The government and creditors are facing growing criticism that they are responsible for having thrown global ports and traders into confusion.
About half of Hanjin’s fleet is stuck in ports around the world as the authorities there fear the shipper whose assets have been frozen is unable to pay fees.
The government will not be able to avoid criticism for underestimating the fallout of the bankruptcy of the world’s seventh largest shipper.
It is still pondering over contingency plans to contain the backlash, creating a task force to ensure there are no delays in the flow of cargo.
The Ministry of Oceans and Fisheries will lead the task force along made up of ranking officials from nine related ministries and agencies.
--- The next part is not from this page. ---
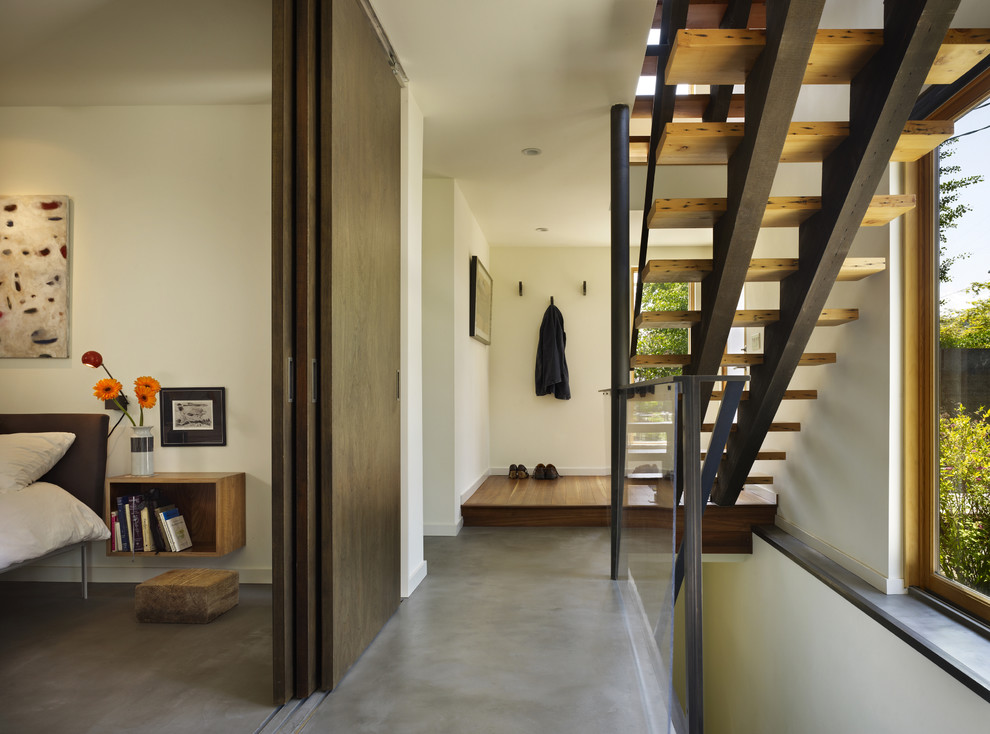 На фото: фойе среднего размера в стиле модернизм с белыми стенами, бетонным полом, одностворчатой входной дверью и входной дверью из дерева среднего тона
“The government will make sure that the fallout from Hanjin Shipping doesn’t lead to chaos in logistics or a transmission to the real economy including exports,” said Oceans and Fisheries Minister Kim Young-suk, after an emergency meeting held Sunday.
“We will closely cooperate to support damaged industries, taking all possible policy measures,” he said.
However, officials from the shipping industry criticize the government for allowing the shipper to go bankrupt without having drawn up proper countermeasures.
The most urgent problem is that exports may fail to arrive at their final destination on time as 68 of Hanjin Shipping’s vessels are stranded at sea worldwide as of Sunday. [Korea Times]
You can read more at the link, but it is pretty amazing that a huge company like Hanjin has gone into bankruptcy. It seems like the simple answer is that another company buys Hanjin and then restarts operations with a fresh cash flow to pay the various port fees that are currently delaying shipping.
This undated Yonhap file photo shows Lee Boo-jin (L), president of Hotel Shilla, and Sky Park, vice chairwoman of E-Land Group, whom Forbes magazine has put on its annual list of Asia’s 50 Powerful Businesswomen in 2016 on April 7. (Yonhap)
Good news for Mexico because obviously the ROK leadership views their country as one worthy of seeking investment in:
More than 100 business executives plan to travel to Mexico this week along with President Park Geun-hye, officials said Monday, in an apparent effort to try to forge new business opportunities with the large North American country.
Park is set to meet with her Mexican counterpart Enrique Pena Nieto next Monday to discuss how to boost cooperation in a wide range of issues between the two countries.
The trip follows Park’s visit to Washington for the Nuclear Security Summit with U.S. President Barack Obama and other world leaders set to be held on Thursday and Friday.
A total of 108 companies, including Samsung Electronics and Hyundai Motor, plan to send their senior executives to Mexico on the occasion of Park’s visit to try to explore new business opportunities.
It marks South Korea’s largest business delegation ever to Mexico. In 2010, only a dozen business executives traveled to Mexico with then-President Lee Myung-bak. [Korea Times]
Unless they ban job interviews this bill probably will not have the desired effect:
An opposition legislator has proposed a bill to eliminate discrimination during the recruitment process of companies based on appearance.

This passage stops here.